The second half of the book comprises eight previously published articles considering the huge military, economic, diplomatic and political implications of Edward’s wars, not least of which was the institutionalisation of parliament. These pieces range from 1952 to 1994 and one or two can seem a little dated. Serious scholars will have most of these already but they are helpfully gathered together nonetheless, for the book’s real utility lies in its presentation as an exceedingly useful teaching tool.

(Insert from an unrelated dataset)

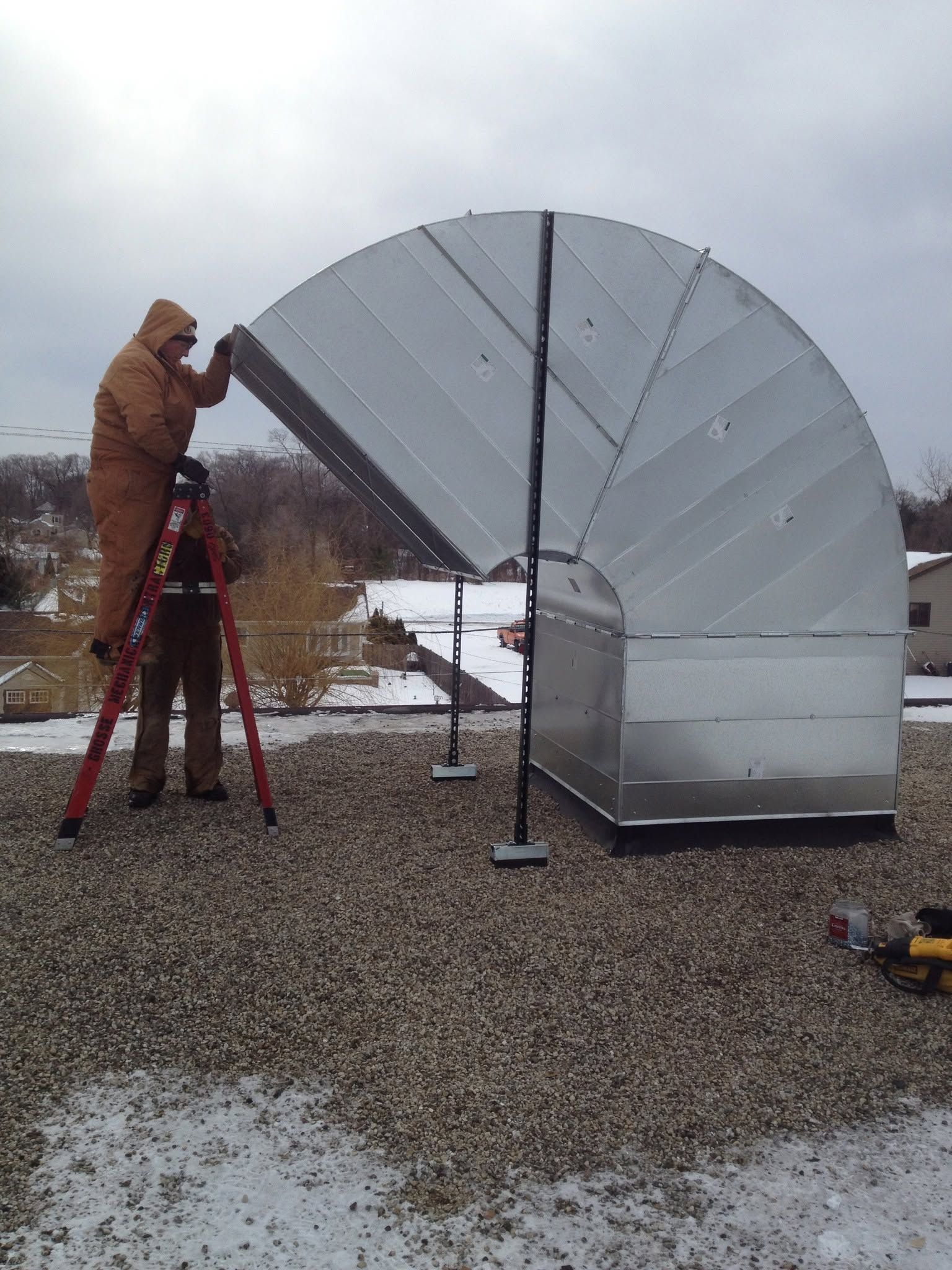 Worker on a ladder installing a large silver curved metal structure on a rooftop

Edward’s earlier and successful strategy of aggression in France was eventually countered by the battle-avoidance policy of Charles the Wise and Constable de Guesclin. The French also shadowed enemy forces in an attempt to check their destructive chevauchees (`war-rides’), something William the Bastard did in mid-eleventh-century Normandy; this reviewer can see little difference between Edward’s war-rides and ravaging expeditions from earlier centuries. There persists in academic circles an obstructive and false divide between the high and late middle ages (chronocentric study can impair all historical periods). This division hampers (and, indeed, causes) the heated debate over the medieval military revolution (if one believes in such a thing). New tactics, new emphasis on infantry and archers, standing armies — these are purported developments that emerged during Edward’s reign. Unfortunately, this subject is afforded little space here, a disappointment given Rogers’ own work in this area. We must eagerly await his forthcoming monograph on Edwardian strategy to complement this excellent and very welcome resource book.
Sean McGlynn is the author of The Invasion of England 1216 (Sutton Publishing, 1998.